# [Aim of the exercise]
Word for word, transcribe every line from the one holding "Dents Mens Genuine" through the end of the records, but not the pictures.

# [Task data]
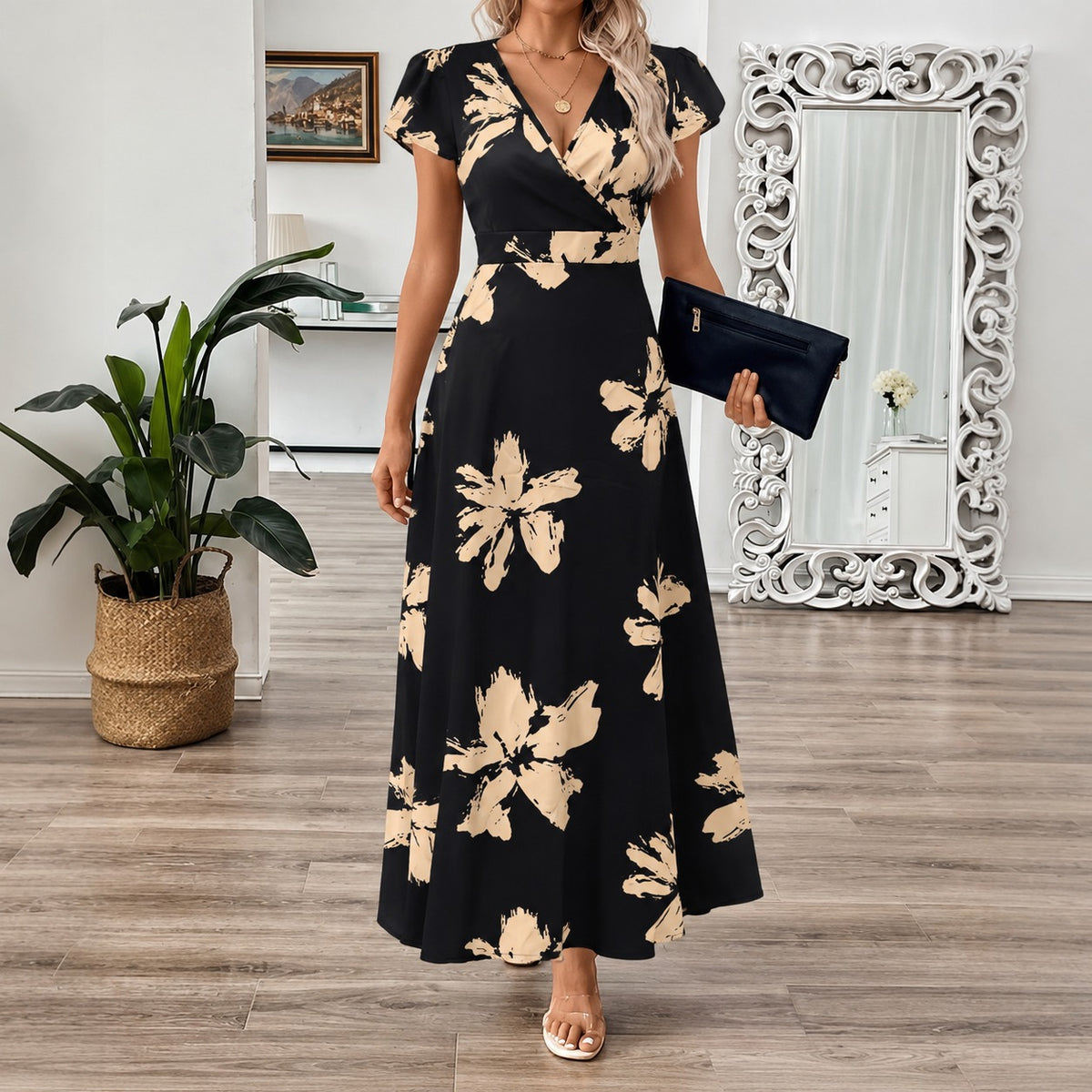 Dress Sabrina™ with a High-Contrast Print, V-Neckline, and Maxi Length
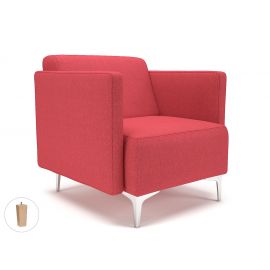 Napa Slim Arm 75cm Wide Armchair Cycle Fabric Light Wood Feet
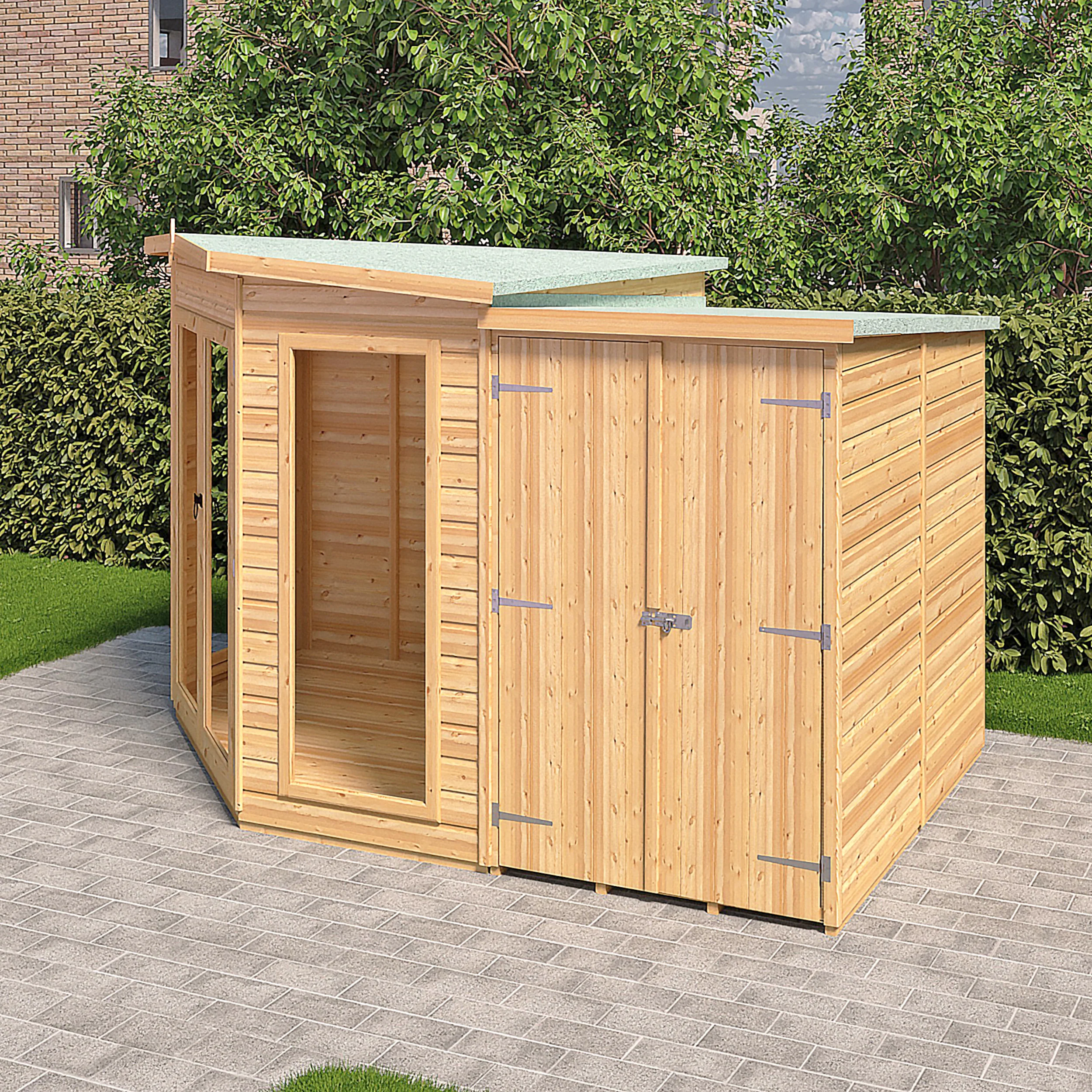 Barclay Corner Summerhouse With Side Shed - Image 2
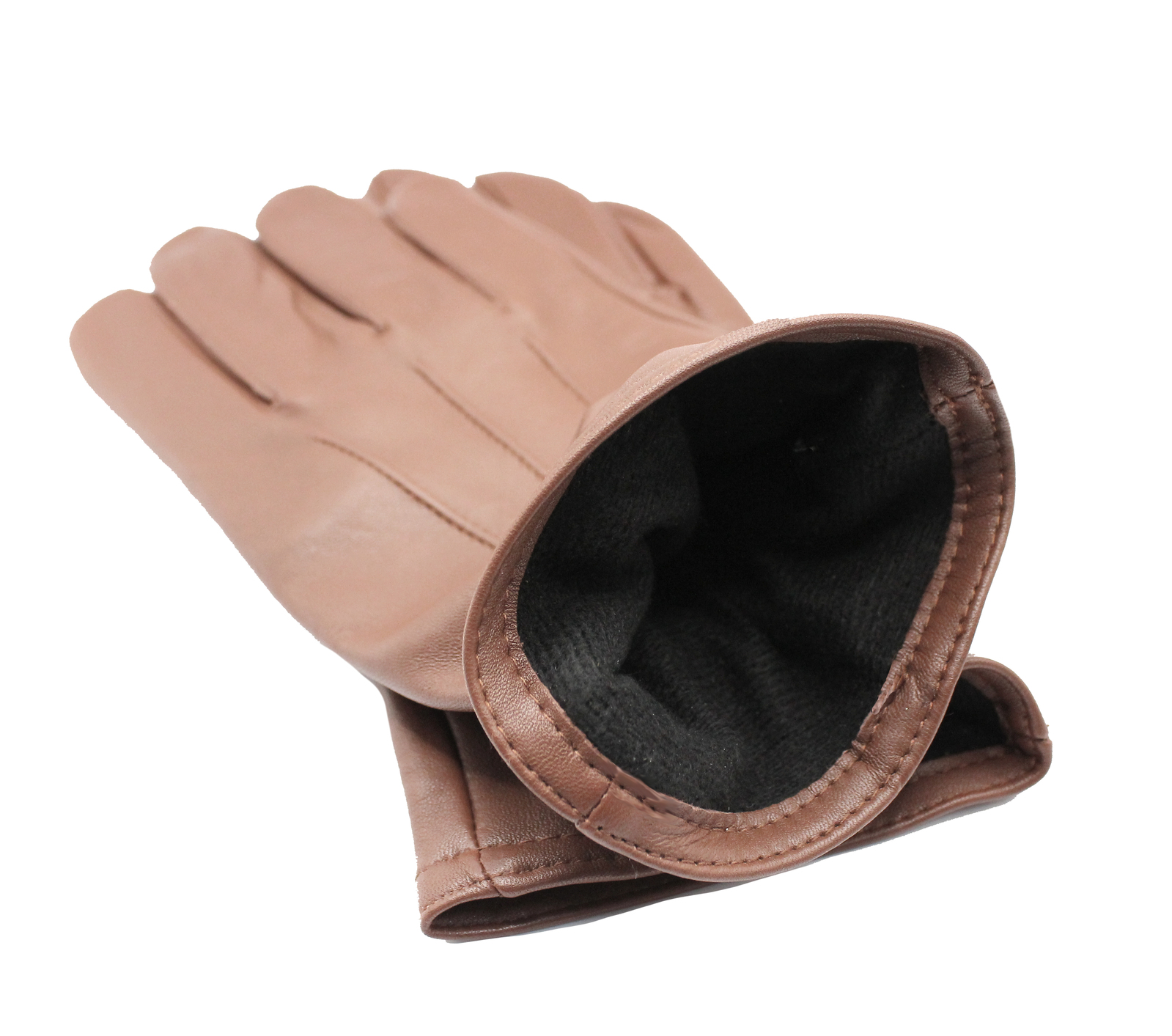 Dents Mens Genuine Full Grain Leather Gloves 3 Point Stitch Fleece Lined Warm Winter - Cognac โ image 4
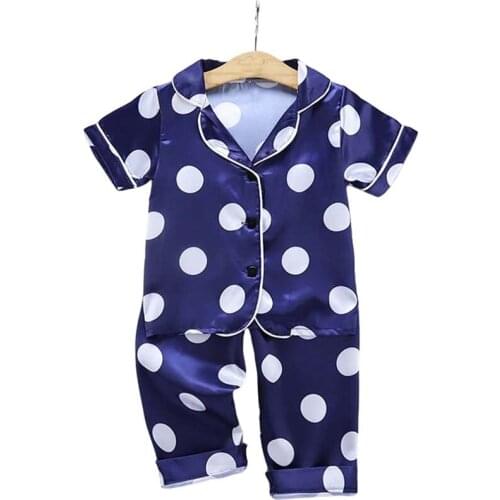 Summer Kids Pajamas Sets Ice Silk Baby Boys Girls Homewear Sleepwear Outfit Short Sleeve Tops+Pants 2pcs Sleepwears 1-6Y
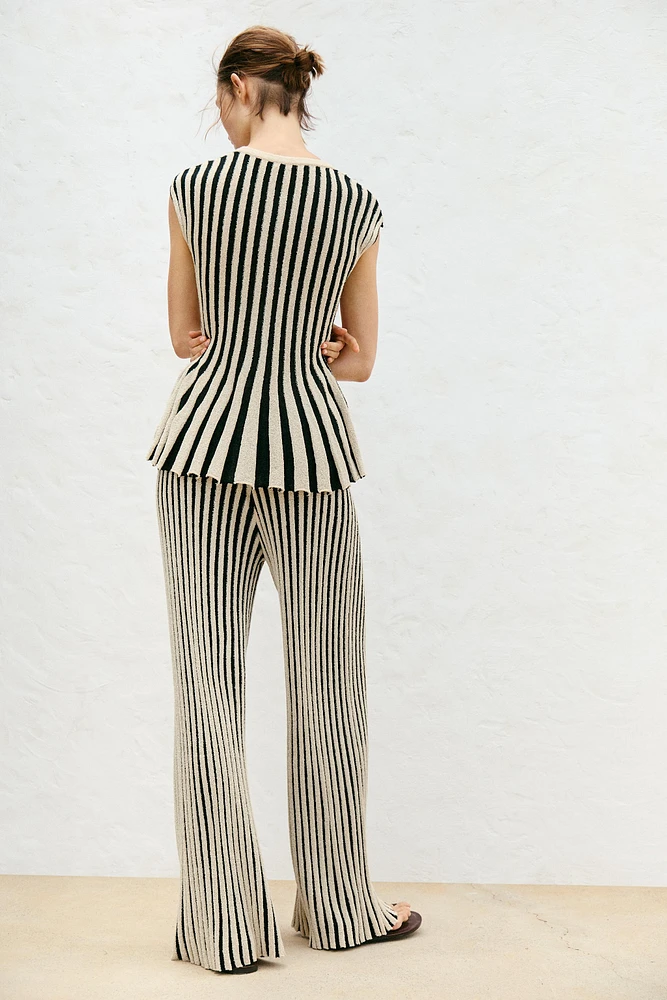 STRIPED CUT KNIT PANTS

# [Response]
 Dents Mens Genuine Full Grain Leather Gloves 3 Point Stitch Fleece Lined Warm Winter - Cognac โ image 4
 Summer Kids Pajamas Sets Ice Silk Baby Boys Girls Homewear Sleepwear Outfit Short Sleeve Tops+Pants 2pcs Sleepwears 1-6Y
 STRIPED CUT KNIT PANTS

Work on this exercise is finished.